Please retype only the lines below that run from the one containing "a quick wander around Nagoya a" through the last line, both included, without altering a word.

* * * *

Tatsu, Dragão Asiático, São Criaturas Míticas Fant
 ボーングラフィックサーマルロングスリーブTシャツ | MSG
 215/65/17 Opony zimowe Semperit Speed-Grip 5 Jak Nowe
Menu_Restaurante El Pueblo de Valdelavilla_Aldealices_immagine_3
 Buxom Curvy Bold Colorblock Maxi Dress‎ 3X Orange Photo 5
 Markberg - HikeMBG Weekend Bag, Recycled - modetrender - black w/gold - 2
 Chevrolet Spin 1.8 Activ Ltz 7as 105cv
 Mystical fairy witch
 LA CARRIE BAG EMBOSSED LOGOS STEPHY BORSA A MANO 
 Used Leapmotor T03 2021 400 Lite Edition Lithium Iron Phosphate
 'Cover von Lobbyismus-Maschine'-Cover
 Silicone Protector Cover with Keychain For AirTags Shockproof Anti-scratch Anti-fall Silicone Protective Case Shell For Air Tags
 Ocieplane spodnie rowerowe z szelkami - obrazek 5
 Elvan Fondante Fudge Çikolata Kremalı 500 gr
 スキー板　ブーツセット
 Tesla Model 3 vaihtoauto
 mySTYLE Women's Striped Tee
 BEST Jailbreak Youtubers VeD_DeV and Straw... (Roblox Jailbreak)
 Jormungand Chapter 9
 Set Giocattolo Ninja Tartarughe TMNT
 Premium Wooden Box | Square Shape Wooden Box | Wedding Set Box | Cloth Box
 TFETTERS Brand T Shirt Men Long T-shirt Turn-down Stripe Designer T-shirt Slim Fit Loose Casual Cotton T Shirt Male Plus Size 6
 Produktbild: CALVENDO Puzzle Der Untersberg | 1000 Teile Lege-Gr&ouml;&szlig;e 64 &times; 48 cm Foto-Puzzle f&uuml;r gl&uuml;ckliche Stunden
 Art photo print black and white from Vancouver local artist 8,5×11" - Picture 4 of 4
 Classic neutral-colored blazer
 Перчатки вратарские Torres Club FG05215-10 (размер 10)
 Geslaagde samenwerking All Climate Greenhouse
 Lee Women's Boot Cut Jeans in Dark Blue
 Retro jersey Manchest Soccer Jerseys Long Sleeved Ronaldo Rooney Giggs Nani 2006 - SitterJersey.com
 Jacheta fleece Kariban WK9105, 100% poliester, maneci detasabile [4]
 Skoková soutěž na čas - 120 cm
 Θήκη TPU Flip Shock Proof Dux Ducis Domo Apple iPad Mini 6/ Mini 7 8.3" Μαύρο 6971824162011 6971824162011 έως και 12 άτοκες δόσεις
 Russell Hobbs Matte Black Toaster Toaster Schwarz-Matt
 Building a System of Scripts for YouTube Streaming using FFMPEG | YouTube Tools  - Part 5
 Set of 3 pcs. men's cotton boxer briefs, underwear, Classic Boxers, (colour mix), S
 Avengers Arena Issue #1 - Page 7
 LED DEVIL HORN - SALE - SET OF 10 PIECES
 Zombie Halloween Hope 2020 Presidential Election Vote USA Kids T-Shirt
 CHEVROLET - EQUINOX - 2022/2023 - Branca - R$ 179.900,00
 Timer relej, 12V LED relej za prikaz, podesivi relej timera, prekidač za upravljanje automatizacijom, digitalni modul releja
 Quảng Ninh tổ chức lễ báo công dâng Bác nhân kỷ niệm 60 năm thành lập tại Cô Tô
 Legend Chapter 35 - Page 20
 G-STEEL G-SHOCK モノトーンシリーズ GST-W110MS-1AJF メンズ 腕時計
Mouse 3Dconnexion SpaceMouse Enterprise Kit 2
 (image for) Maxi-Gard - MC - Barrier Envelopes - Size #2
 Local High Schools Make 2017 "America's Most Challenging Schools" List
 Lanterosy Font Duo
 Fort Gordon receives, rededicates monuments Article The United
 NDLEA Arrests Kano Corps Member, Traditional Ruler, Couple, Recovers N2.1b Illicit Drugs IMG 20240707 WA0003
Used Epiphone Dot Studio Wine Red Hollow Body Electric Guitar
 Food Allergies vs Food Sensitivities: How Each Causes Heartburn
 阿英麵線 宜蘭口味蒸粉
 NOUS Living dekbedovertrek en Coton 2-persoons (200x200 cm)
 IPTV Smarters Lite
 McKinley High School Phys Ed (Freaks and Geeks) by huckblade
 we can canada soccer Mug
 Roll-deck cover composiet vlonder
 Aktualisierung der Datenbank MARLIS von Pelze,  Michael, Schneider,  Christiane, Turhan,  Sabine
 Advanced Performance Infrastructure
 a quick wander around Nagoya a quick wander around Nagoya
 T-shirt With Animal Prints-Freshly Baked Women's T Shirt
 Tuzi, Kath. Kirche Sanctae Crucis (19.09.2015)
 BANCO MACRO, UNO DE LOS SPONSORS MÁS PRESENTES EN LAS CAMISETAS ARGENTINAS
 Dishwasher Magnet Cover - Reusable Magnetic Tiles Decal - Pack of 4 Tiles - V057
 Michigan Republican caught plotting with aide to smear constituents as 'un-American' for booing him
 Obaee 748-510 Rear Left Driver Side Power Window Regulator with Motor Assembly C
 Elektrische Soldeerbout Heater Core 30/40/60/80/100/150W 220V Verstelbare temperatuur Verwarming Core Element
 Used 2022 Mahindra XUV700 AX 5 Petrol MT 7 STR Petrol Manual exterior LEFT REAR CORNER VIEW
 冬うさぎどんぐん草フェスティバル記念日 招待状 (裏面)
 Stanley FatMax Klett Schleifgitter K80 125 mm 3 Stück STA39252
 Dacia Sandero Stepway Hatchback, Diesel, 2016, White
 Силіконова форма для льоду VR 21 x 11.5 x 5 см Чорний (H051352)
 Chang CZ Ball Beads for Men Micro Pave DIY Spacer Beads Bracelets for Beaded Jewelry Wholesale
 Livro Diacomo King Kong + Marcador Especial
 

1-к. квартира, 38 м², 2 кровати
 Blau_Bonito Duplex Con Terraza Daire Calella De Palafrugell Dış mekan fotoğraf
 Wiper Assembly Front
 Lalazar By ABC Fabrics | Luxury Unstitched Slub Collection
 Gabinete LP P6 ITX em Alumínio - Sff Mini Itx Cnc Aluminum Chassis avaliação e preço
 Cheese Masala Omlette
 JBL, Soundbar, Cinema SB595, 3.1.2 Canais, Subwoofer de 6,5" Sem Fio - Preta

* * * *

SOLUTION ▸
 a quick wander around Nagoya a quick wander around Nagoya
 T-shirt With Animal Prints-Freshly Baked Women's T Shirt
 Tuzi, Kath. Kirche Sanctae Crucis (19.09.2015)
 BANCO MACRO, UNO DE LOS SPONSORS MÁS PRESENTES EN LAS CAMISETAS ARGENTINAS
 Dishwasher Magnet Cover - Reusable Magnetic Tiles Decal - Pack of 4 Tiles - V057
 Michigan Republican caught plotting with aide to smear constituents as 'un-American' for booing him
 Obaee 748-510 Rear Left Driver Side Power Window Regulator with Motor Assembly C
 Elektrische Soldeerbout Heater Core 30/40/60/80/100/150W 220V Verstelbare temperatuur Verwarming Core Element
 Used 2022 Mahindra XUV700 AX 5 Petrol MT 7 STR Petrol Manual exterior LEFT REAR CORNER VIEW
 冬うさぎどんぐん草フェスティバル記念日 招待状 (裏面)
 Stanley FatMax Klett Schleifgitter K80 125 mm 3 Stück STA39252
 Dacia Sandero Stepway Hatchback, Diesel, 2016, White
 Силіконова форма для льоду VR 21 x 11.5 x 5 см Чорний (H051352)
 Chang CZ Ball Beads for Men Micro Pave DIY Spacer Beads Bracelets for Beaded Jewelry Wholesale
 Livro Diacomo King Kong + Marcador Especial
 

1-к. квартира, 38 м², 2 кровати
 Blau_Bonito Duplex Con Terraza Daire Calella De Palafrugell Dış mekan fotoğraf
 Wiper Assembly Front
 Lalazar By ABC Fabrics | Luxury Unstitched Slub Collection
 Gabinete LP P6 ITX em Alumínio - Sff Mini Itx Cnc Aluminum Chassis avaliação e preço
 Cheese Masala Omlette
 JBL, Soundbar, Cinema SB595, 3.1.2 Canais, Subwoofer de 6,5" Sem Fio - Preta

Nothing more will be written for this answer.